Doutrina da Fé é a agência política de sabotagem contra o pontificado de Francisco

O sacerdote e teólogo polonês Krzysztof Charamsa, ao lado do seu companheiro, assume homossexualidade e sai do Vaticano.
Religión Digital/Adital

José Manuel Vidal

O sacerdote e teólogo polonês Krzysztof Charamsa acaba de protagonizar uma das ‘saídas do armário’ mais clamorosas da história do Vaticano. Radicado em Barcelona, Espanha, realiza, nesta entrevista exclusiva à RD, uma duríssima alegação contra a Congregação para a Doutrina da Fé e seu Prefeito, o cardeal [alemão Ludwig] Müller, ao qual acusa de homofobia e de tentar “sabotar o pontificado de Francisco”.

¿Foi feliz durante seus anos de sacerdócio?

Sim, eu sempre fui um padre feliz. Sinto-me feliz servindo as pessoas, escutando e aconselhando as pessoas. Estou feliz quando comunico a palavra e a graça de Deus. Mas, ao mesmo tempo, não me sentia feliz pela negação imposta pela Igreja à minha natural orientação sexual. Estes dois sentimentos no sacerdócio entravam em conflito. Ao final, prevaleceu a infelicidade, causada pela homofobia da Igreja. Compreendi que, para ser sacerdote feliz, devo dizer à minha Igreja que está paralisada pela homofobia, e isto não faz ninguém feliz.

Sim, à luz dos meus estudos sobre o celibato, hoje, estou convencido de que a única disciplina que se poderia aceitar é a disciplina do celibato opcional, como a encontramos nas igrejas católicas orientais, onde os candidatos a padres podem, realmente, decidir se querem viver como celibatários ou como casados.
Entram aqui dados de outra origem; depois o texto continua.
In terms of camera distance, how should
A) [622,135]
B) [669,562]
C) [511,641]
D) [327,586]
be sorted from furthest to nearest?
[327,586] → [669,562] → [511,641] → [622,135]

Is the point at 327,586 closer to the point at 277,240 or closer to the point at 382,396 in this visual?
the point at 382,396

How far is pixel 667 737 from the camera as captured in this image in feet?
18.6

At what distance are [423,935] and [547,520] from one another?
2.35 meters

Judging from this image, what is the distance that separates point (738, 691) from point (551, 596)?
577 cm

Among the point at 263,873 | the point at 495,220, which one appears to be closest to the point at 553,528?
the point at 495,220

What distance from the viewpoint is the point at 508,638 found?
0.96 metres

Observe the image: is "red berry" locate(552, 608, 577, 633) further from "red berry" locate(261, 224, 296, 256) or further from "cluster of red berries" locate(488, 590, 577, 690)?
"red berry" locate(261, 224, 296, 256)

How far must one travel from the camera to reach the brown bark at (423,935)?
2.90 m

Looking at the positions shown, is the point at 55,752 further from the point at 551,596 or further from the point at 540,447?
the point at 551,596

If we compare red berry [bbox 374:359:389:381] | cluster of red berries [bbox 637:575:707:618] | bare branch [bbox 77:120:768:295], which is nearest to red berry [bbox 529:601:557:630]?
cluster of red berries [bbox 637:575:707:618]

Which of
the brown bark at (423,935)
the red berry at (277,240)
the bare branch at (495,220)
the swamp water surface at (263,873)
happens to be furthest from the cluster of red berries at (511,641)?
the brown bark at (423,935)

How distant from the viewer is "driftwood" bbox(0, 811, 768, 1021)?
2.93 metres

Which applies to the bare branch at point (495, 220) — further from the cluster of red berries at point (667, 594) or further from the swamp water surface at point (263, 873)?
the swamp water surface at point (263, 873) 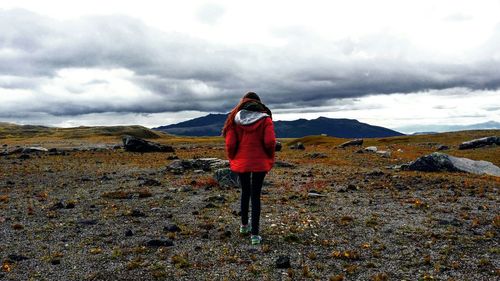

Há, no entanto, outro problema. Penso que, hoje em dia, se deve também discutir e revisar o valor humano do celibato. O celibato obrigatório, imposto na igreja latina, sem possibilidade de decidir, é, sem dúvida, uma prática desumana. Devemos enfrentar a disciplina do celibato com o estado das ciências modernas sobre o homem e com a experiência dramática de muitos sacerdotes. A Igreja, muitas vezes, esconde uma dupla vida em sua corporação do clero.¿É partidário do celibato opcional na Igreja Católica? Por que?

Chamam você de ‘traidor’, por ter saído do armário e quebrado seu compromisso celibatário?

Seria um traidor se continuasse estando no armário. Só assim seria um traidor de Deus e da humanidade. Seria um mentiroso. Eu não traí ninguém. Eu me libertei da paranóia homofóbica da igreja, que é irracional e absurda, e incapaz de refletir, porque está cheia de um doutrinamento ideológico. Pessoalmente, vejo que quem trai é a Igreja, como comunidade de fiéis e como hierarquia, porque não é capaz de revisar uma posição que já não pode continuar defendendo. Esta traição é muito patente na Congregação para a Doutrina da Fé e no Vaticano em geral. Traição é também a dupla vida de uma parte do clero. A dupla vida, para mim, não significa apenas ter um companheiro, homem ou mulher, que é uma realidade muito saudável e recomendável para um padre. A dupla vida é também masturbar-se regularmente ou ser dependente da masturbação, como são muitos padres, e, ao mesmo tempo, lutar contra a masturbação, que faz parte de uma sã vida sexual em casal.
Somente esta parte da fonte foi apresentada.